In the meantime, living according to when the sun rises and sets is an interesting experience. I’ve done it before when tent camping, but not for so long at a time. For one thing, I’m getting PLENTY of sleep, probably too much. I’ve always been an early riser, so it’s not a problem to get up in time to take a walk on the beach and watch the sun come up over the ocean. This morning I discovered where the large brown pelicans hang out early in the morning and watched them for a long time. I also saw at least two larger mammals in the water, perhaps small whales, but more likely dolphins. They swam very close to shore, among the pelicans.
The sunrise begins as a faint orange glow in the east, over the rocks, and that glow becomes brighter and brighter until the sun fully rises. It’s a time for walking slowly, for climbing on the rocks, for discovering new places, for seeking out more beautiful shells and small stones for my collection. Right now sunrise comes when the tide is still fairly high so there’s a limit to how far out I can explore. But, there’s still plenty to see.
There is a downside to living according to the sun, though. I don’t like to use the generator at night because it’s noisy and disturbs the silence here. I’m living by the ocean because the sound of the waves is peaceful, and I hate to add more noise. So, I usually get into bed shortly after sunset to read or work on the computer for a while. I have a battery-operated Coleman lantern and a flashlight, as well as a small inverter to provide power for the computer. So, no problem there. It’s easy to write up my daily impressions and take care of photos for my blog.
The problem lies with the equation that darkness = time to sleep. I’ve been going to sleep around 7:00 or so each night. That’s fine, except my body usually rebels a bit about 11:00, saying “you’ve had enough sleep. It’s time to wake up.” And I do, at least for a while. Tonight I got dressed and walked down to the beach. The strong wind of the past few days has finally abated a little, at least temporarily, and the stars were out in full display. Orion glowed clear and bright, as did the more reddish Mars. I sat on the sand down by the water and marveled at how lucky I am to be here in such a beautiful place.

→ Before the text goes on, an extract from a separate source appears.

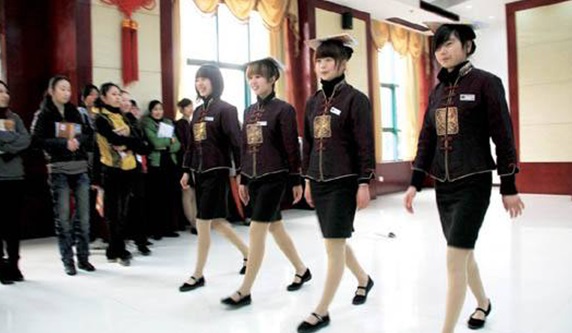 六招打造餐飲團(tuán)隊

However, that still leaves the problem of now being wide awake again. When I finish this reflection, I’ll most likely attempt to go back to sleep. That’s usually not a problem. I know people have lived their lives according to the rising and setting of the sun for thousands of years, and I believe it’s a perfect way to live. But, after a lifetime of living according to clocks and “expected” times for doing things, it’s taking a while to get used to this more natural way of measuring time.
I’ll eventually return to that way of life, at least for part of the year, to living by a clock and performing expected tasks at expected times. However, this much simpler life on the beach in Baja will always call to me. And I’m sure I’ll respond by returning again and again. Right now, I’m ready to go back to bed and look forward to seeing more life early in the morning.